2. Audit total, dengan libatkan auditor independen internasional.
3. Transparan, maka idealnya umumkan kondisi sebenarnya ke publik.
Langkah perbaikan:
1. Data bersih dengan memvalidasi ulang semua polis warisan.
2. Manajemen harus kompeten, maka jika tidak mampu, ganti!
3. Sistem update, terapkan teknologi monitoring real-time.
Langkah jangka panjang:
1. Model bisnis baru, harus yang sustainable, bukan cari untung cepat.
2. Penguatan modal, jika perlu, negara suntik tapi dengan syarat ketat.
3. Penguatan pengawasan, maka OJK, Kementerian BUMN, DPR harus aktif!
Prinsip yang harus dipegang: “lebih baik tumbuh lambat tapi sehat, daripada cepat tapi sakit-sakitan.”
Peran kita semua
Ini bukan hanya urusan IFG Life atau pemerintah. Ini urusan kita semua karena:
1. Itu uang kita, sebab pajak kita yang akan dipakai jika bailout.
2. Orang tua kita banyak yang jadi peserta.
3. Masa depan kita sebab sistem yang rapuh hari ini akan jadi beban kita besok.
Yang bisa kita lakukan:
1. Tanya ke DPR: “apa tindakan kalian terkait temuan BPK ini?”
2. Suarakan di media sosial, juga di komunitas.
3. Awasi, dengan mengikuti perkembangan, jangan diam saja.
Kita sering bilang: “rakyat kecil tidak tahu apa-apa.” Tapi dokumen BPK ini jelas.
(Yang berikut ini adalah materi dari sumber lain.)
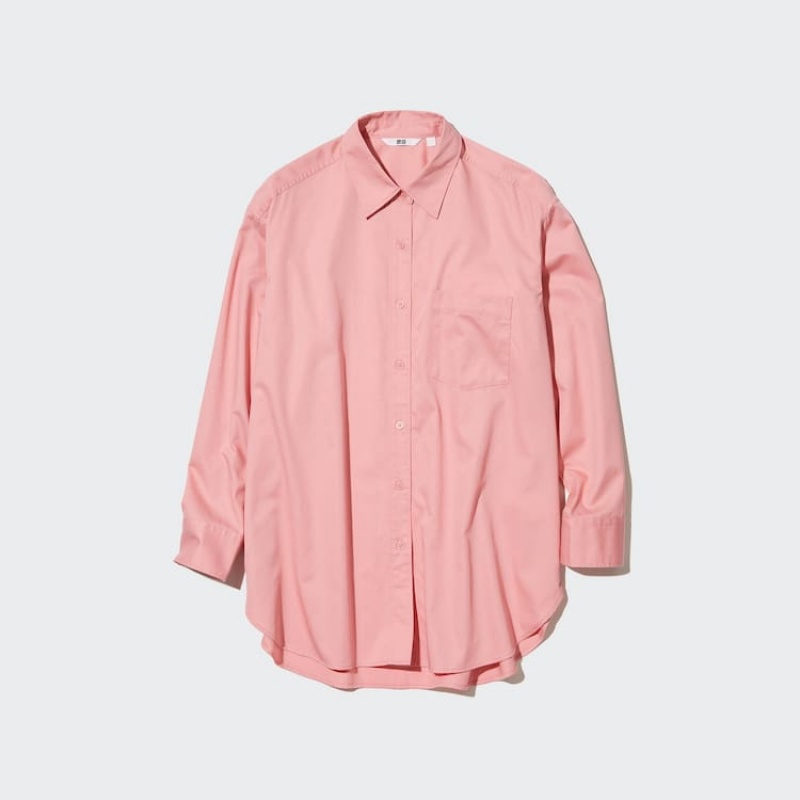 Women's Uniqlo Cotton Twill Oversized Long Sleeved Shirts Pink | VORE-20685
Bahasanya bisa dipahami. Sekarang tinggal pilihan, yakni tetap jadi “rakyat kecil” yang diam, atau jadi “warga negara” yang peduli!
Alarm terakhir sebelum badai
IAW ingin tutup dengan cerita nyata. Tahun 2019, di sebuah ruang sidang, hakim memutuskan perkara Jiwasraya. Salah satu korban, pensiunan guru, berdiri gemetar. Ia berkata, “saya tidak mau uang saya kembali. Saya mau sistemnya diperbaiki, agar cucu saya tidak mengalami hal sama.” itu luar biasa!
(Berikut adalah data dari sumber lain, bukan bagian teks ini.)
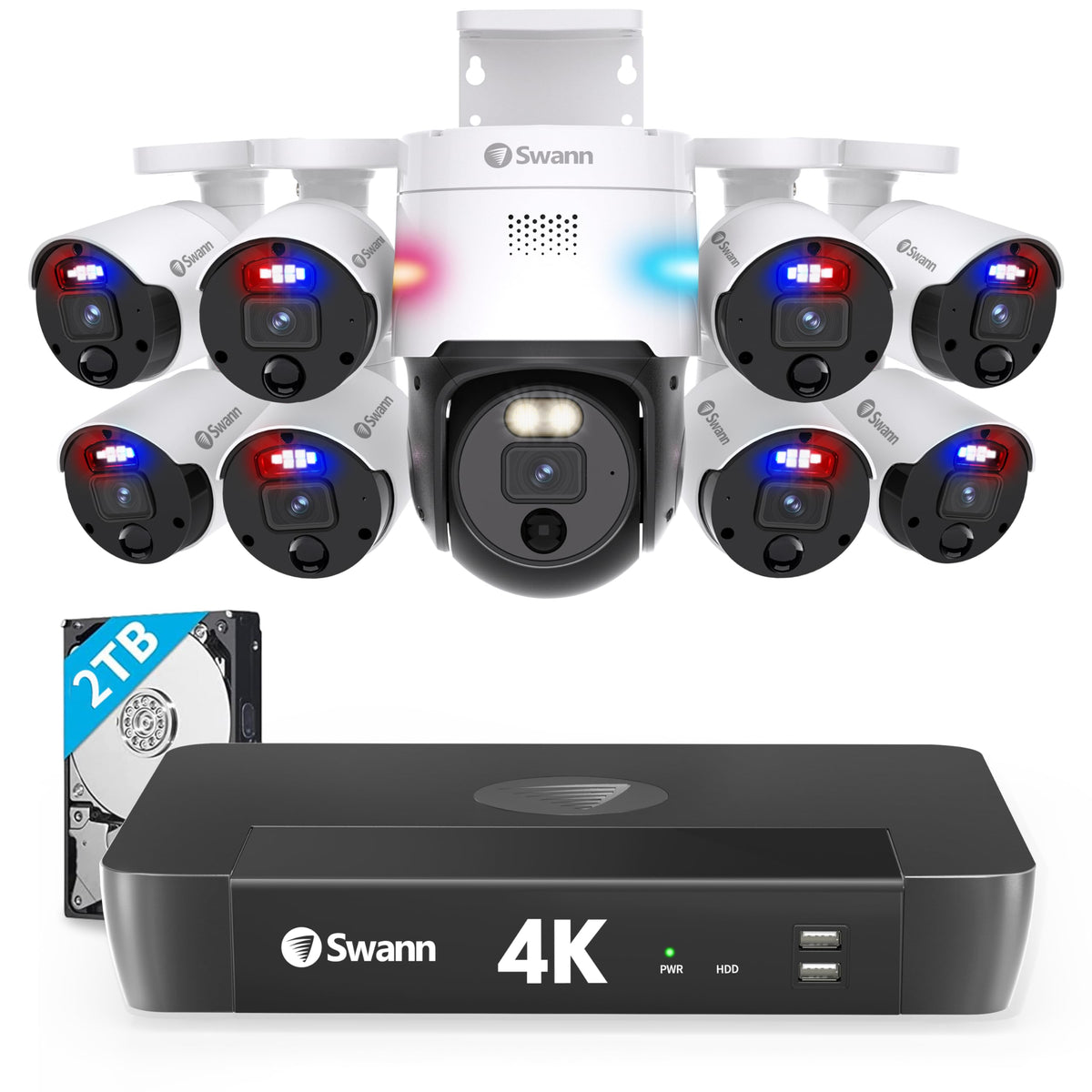 Swann 4K Uhd Home Security Camera System, 16Ch Nvr With 2Tb Hdd, 8 Indoor Outdoor Bullet & Pt Ip Cameras, Poe Wired, Video Analy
Hari ini, sistem yang sama sedang menunjukkan gejala sakit lagi. Bedanya, kali ini kita dapat peringatan lebih awal. BPK sudah kasih kita “waktu kritis.”
Pertanyaannya sekarang, apakah kita akan menggunakan waktu ini untuk memperbaiki, atau untuk pura-pura tidak tahu?
Dokumen 300 halaman itu masih di lantai 8 gedung BPK. Isinya masih sama. Tapi maknanya tergantung pada kita, yakni apakah akan jadi sekumpulan kertas, atau jadi peta penyelamatan.
Pilihan ada di tangan kita. Waktu terus berjalan.